As Marine Le Pen has proved in France, the rise of the populists is finally going into reverse
Intellectuals predicted the unstoppable conquest of the populist anti-European right. But a simple immigrant-bashing contempt for European partnership is not enough to hold a party together, writes Denis MacShane
It seems only yesterday that we were told the rise of right-wing national populism was unstoppable. In 2016, the victory for Brexit and Trump and the surges of Marine Le Pen, Matteo Salvini, Geert Wilders, the AfD in Germany and Vox in Spain were all fusing into a rightist take-over in Europe, threatening the continuing existence of the European Union.
Academics such as Matthew Goodwin, Cas Mudde, and Catherine Fieschi, and many of their continental colleagues, moved from the lecture hall to mainstreaming on TV and comment pages with books and articles proclaiming the new era of border-shutting, Islamophobe – or in Britain, Europhobe – politicians.
Binary divisions of voters into “somewhere” people who backed inward-looking nationalist solutions and “anywhere” people who were tolerant supporters of liberal values and who backed open societies and open economies were promulgated.
But it hasn’t quite turned out as Steve Bannon and the Policy Exchange stable of rightist critics of Europe and progressive liberalism predicted.
Last weekend’s French municipal elections saw Marine Le Pen lose nearly half of the seats she held in 2016.
She had put the Union Flag on her Facebook page in June 2016 and sent enthusiastic congratulations to Boris Johnson.

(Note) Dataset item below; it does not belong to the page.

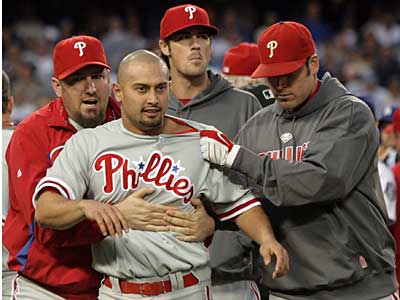 Phillies centerfielder Shane Victorino is restrained by teammates after the benches cleared in Game 3 of the NLCS against the Dodgers. (Yong Kim / Staff Photographer)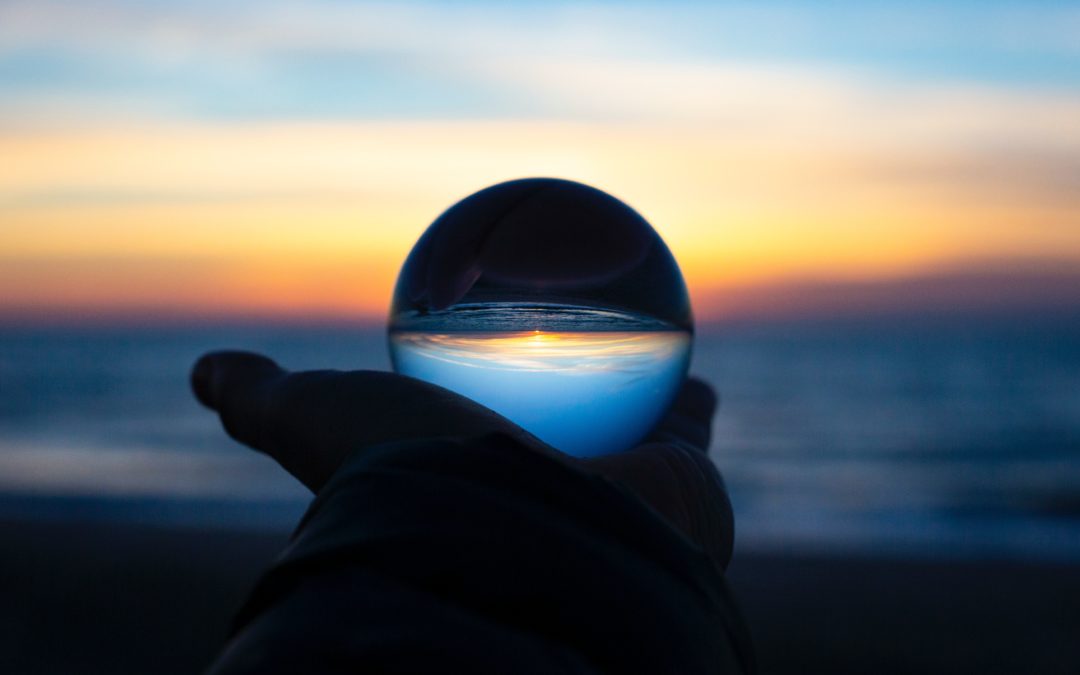 Hand holding a crystal ball which inverts the sunset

But as Brexit stopped UK growth dead in its tracks and unleashed the miserable political confusion of the last four years, Le Pen quietly dropped her party’s demands for a referendum on leaving the EU and replacing the Euro with the French franc.
Something similar happened in Italy, where Matteo Salvini’s Lega Party moved from representing the interests of northern Italian industrial capitalism, which hated taxes and social spending on the poorer south, to being a crude immigrant-bashing racist party with Salvini wrapping the rosary around his fingers at every public appearance.

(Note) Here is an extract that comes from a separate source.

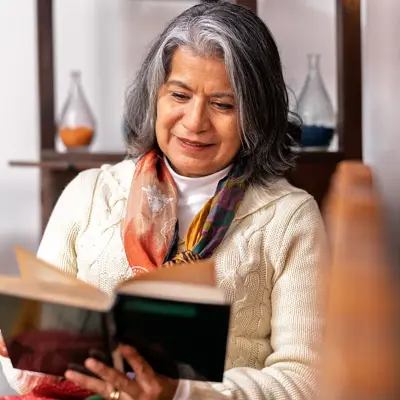 Gray-haired woman reads a book indoors; cream sweater, colorful scarf; shelves and vases behind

Instead, it was the centre-left Partito Democratico that took over in coalition with pro-EU parties.
Almost everywhere except under Britain’s first-past-the-post system it has been Greens who are now the rising force in European politics. They were the big winners in France at the weekend and have all but displaced the once-mighty German social democrats as the main opposition party in Germany.
Le Pen’s former boyfriend won Perpignan but did so without any reference to her National Rally party or her picture anywhere on his posters or literature.
The intellectuals who theorised the unstoppable conquest of the populist anti-European right were not political historians who might have told them of the fissiparous centrifugal nature of most populist rightist politics, with major splits and personality conflicts rising to the top. A simple immigrant-bashing, frontier closing, contempt for European partnership is not enough to hold a party together.
In fact, if anything, left populism has been more effective in winning power than right populism. Syriza in Greece, with Europe’s most flamboyant left populist demagogue, Yanis Varoufakis, formed a government that lasted four years once it dumped Varoufakis onto the European conference circuit and focused on pragmatic policies in cooperation with the European Union. In Spain, the left populists of Podemos are junior partners in the socialist pro-EU coalition led by Pedro Sanchez.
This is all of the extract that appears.